Pictures in the listing do not belong in the copy, which should repeat exactly the lines from the one holding "26 Melrose Ln, Chatham" through the last line.

§ Exercise data
_ _ _ _

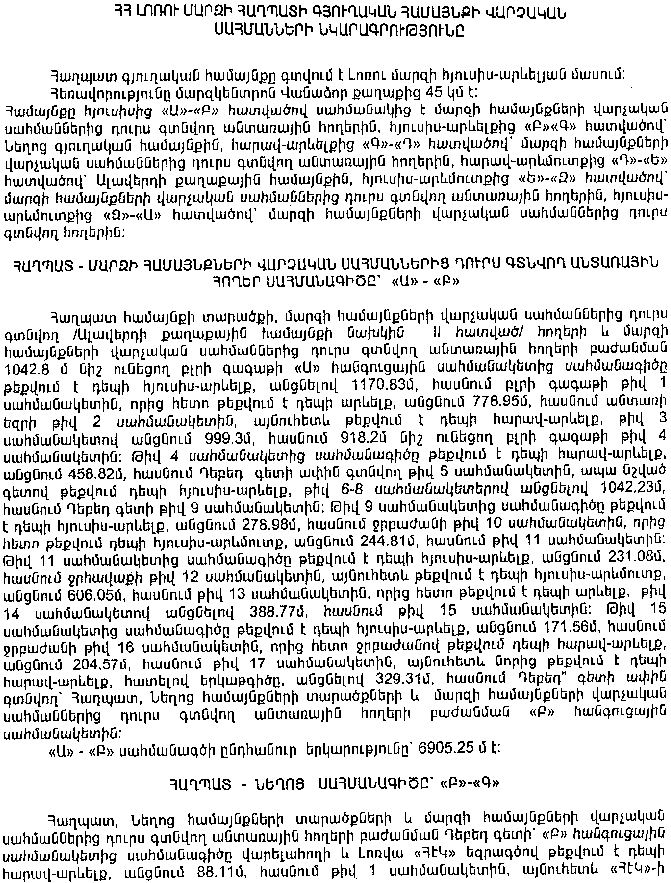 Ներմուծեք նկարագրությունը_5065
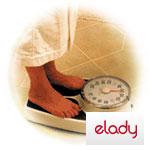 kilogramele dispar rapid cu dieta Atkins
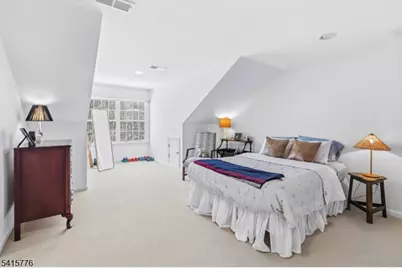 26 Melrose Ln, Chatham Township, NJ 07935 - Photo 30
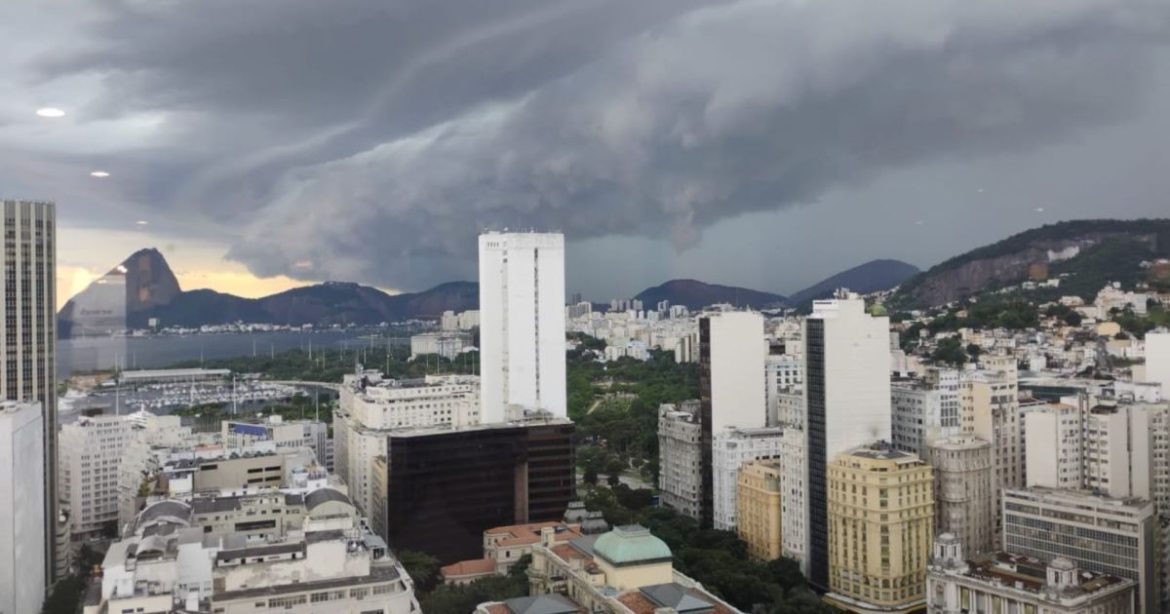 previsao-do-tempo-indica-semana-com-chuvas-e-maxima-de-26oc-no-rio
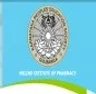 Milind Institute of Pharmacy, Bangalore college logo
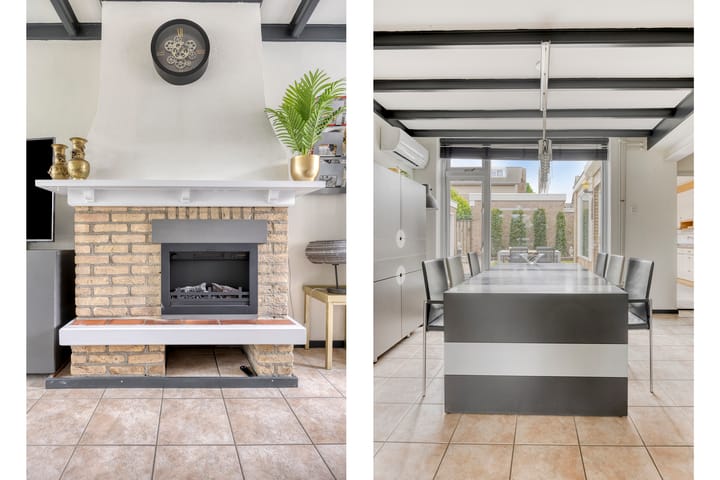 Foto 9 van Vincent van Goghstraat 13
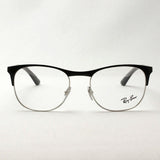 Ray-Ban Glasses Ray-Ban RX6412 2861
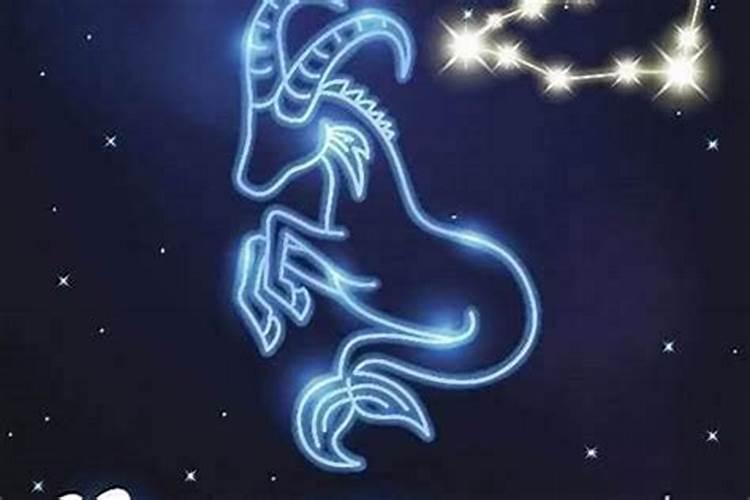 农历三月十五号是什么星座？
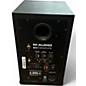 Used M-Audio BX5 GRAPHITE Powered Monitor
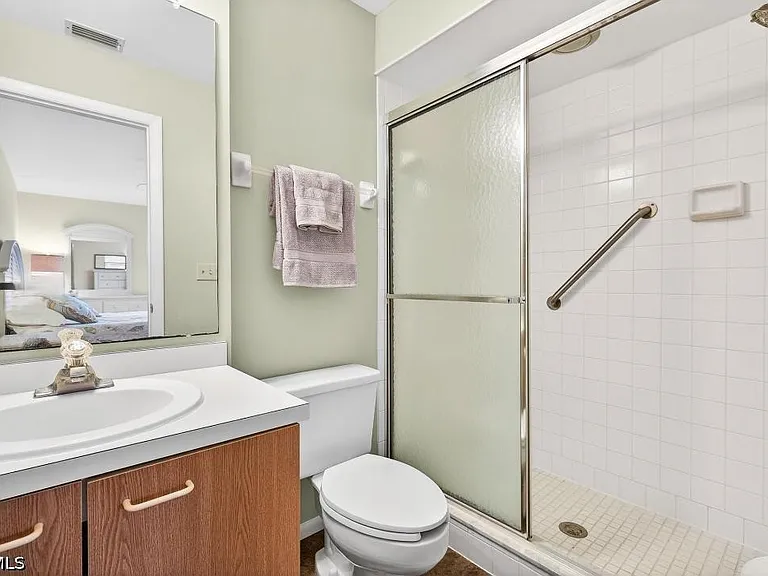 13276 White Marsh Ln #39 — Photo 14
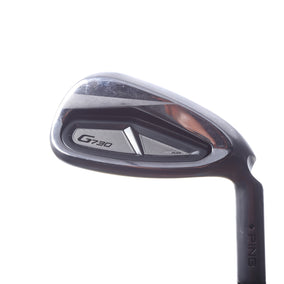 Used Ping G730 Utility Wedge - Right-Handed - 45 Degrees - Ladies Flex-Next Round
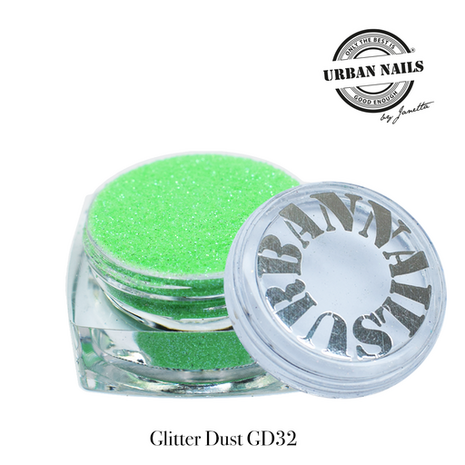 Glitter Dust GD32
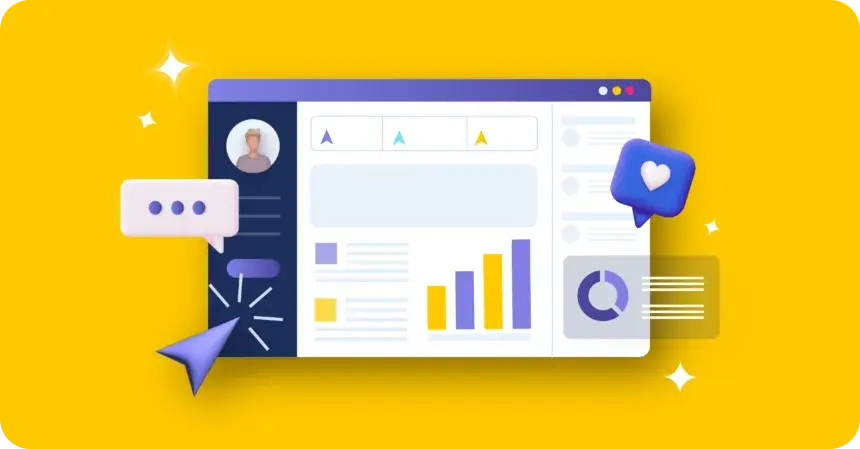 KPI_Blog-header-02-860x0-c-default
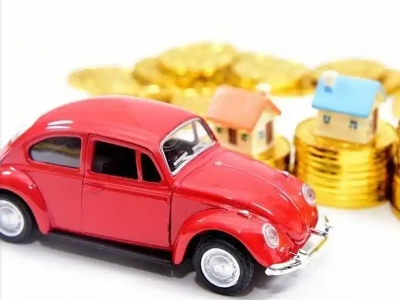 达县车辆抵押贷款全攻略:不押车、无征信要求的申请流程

_ _ _ _

§ Answer to the exercise
 26 Melrose Ln, Chatham Township, NJ 07935 - Photo 30
 previsao-do-tempo-indica-semana-com-chuvas-e-maxima-de-26oc-no-rio
 Milind Institute of Pharmacy, Bangalore college logo
 Foto 9 van Vincent van Goghstraat 13
 Ray-Ban Glasses Ray-Ban RX6412 2861
 农历三月十五号是什么星座？
 Used M-Audio BX5 GRAPHITE Powered Monitor
 13276 White Marsh Ln #39 — Photo 14
 Used Ping G730 Utility Wedge - Right-Handed - 45 Degrees - Ladies Flex-Next Round
 Glitter Dust GD32
 KPI_Blog-header-02-860x0-c-default
 达县车辆抵押贷款全攻略:不押车、无征信要求的申请流程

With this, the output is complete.